Problem to solve
Beginning at the top of the material, repeat each line exactly, and stop once the line with "So for the answer: first, state" has been written.

Extracted information
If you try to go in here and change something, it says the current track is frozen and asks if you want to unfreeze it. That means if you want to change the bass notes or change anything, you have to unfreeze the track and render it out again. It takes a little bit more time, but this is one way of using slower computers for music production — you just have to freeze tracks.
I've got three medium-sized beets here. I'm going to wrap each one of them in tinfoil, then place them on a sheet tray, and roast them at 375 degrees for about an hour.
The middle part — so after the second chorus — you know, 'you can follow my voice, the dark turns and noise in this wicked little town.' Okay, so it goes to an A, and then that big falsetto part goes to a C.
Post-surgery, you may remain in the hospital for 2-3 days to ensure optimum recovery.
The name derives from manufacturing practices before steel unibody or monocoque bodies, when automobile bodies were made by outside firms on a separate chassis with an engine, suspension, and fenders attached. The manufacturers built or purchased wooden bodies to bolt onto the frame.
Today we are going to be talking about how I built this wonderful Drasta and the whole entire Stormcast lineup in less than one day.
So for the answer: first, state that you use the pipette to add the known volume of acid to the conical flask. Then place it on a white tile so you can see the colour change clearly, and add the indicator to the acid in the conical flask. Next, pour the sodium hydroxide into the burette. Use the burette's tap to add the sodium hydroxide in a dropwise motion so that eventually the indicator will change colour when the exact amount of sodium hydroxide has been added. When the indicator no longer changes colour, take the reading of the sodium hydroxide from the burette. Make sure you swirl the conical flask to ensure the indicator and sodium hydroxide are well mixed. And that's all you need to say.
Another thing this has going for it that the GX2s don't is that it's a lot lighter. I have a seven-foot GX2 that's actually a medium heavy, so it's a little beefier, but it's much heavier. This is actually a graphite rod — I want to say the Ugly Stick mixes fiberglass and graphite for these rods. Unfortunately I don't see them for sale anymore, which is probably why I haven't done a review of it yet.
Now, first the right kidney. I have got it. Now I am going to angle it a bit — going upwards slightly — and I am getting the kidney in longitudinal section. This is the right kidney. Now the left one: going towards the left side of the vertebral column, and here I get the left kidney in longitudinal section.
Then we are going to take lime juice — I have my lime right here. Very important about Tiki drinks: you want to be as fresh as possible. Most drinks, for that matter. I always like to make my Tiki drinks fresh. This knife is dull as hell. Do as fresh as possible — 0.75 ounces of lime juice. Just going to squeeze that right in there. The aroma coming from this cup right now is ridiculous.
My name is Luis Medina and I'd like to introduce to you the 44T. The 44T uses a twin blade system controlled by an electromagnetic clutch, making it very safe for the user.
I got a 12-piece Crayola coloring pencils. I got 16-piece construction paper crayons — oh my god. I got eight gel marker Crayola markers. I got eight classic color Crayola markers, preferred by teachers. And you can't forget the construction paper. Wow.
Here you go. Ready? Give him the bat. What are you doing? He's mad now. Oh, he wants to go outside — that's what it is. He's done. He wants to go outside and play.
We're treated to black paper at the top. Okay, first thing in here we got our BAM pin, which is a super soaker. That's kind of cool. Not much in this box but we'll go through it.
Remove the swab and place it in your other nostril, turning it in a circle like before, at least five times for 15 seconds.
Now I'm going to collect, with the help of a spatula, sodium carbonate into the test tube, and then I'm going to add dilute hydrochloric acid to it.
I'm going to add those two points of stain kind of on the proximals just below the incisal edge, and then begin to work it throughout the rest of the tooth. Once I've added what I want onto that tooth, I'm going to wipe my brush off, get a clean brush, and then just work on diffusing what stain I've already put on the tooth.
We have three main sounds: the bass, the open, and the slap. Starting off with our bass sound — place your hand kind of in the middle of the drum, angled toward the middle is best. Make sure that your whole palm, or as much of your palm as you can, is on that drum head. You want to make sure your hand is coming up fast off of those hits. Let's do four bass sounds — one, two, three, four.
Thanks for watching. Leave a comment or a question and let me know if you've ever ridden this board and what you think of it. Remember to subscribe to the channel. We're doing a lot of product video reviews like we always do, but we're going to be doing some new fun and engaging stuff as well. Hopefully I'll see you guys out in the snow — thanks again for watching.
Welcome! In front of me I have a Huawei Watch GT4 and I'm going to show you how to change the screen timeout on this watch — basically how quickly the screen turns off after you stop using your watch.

Solution
If you try to go in here and change something, it says the current track is frozen and asks if you want to unfreeze it. That means if you want to change the bass notes or change anything, you have to unfreeze the track and render it out again. It takes a little bit more time, but this is one way of using slower computers for music production — you just have to freeze tracks.
I've got three medium-sized beets here. I'm going to wrap each one of them in tinfoil, then place them on a sheet tray, and roast them at 375 degrees for about an hour.
The middle part — so after the second chorus — you know, 'you can follow my voice, the dark turns and noise in this wicked little town.' Okay, so it goes to an A, and then that big falsetto part goes to a C.
Post-surgery, you may remain in the hospital for 2-3 days to ensure optimum recovery.
The name derives from manufacturing practices before steel unibody or monocoque bodies, when automobile bodies were made by outside firms on a separate chassis with an engine, suspension, and fenders attached. The manufacturers built or purchased wooden bodies to bolt onto the frame.
Today we are going to be talking about how I built this wonderful Drasta and the whole entire Stormcast lineup in less than one day.
So for the answer: first, state that you use the pipette to add the known volume of acid to the conical flask. Then place it on a white tile so you can see the colour change clearly, and add the indicator to the acid in the conical flask. Next, pour the sodium hydroxide into the burette. Use the burette's tap to add the sodium hydroxide in a dropwise motion so that eventually the indicator will change colour when the exact amount of sodium hydroxide has been added. When the indicator no longer changes colour, take the reading of the sodium hydroxide from the burette. Make sure you swirl the conical flask to ensure the indicator and sodium hydroxide are well mixed. And that's all you need to say.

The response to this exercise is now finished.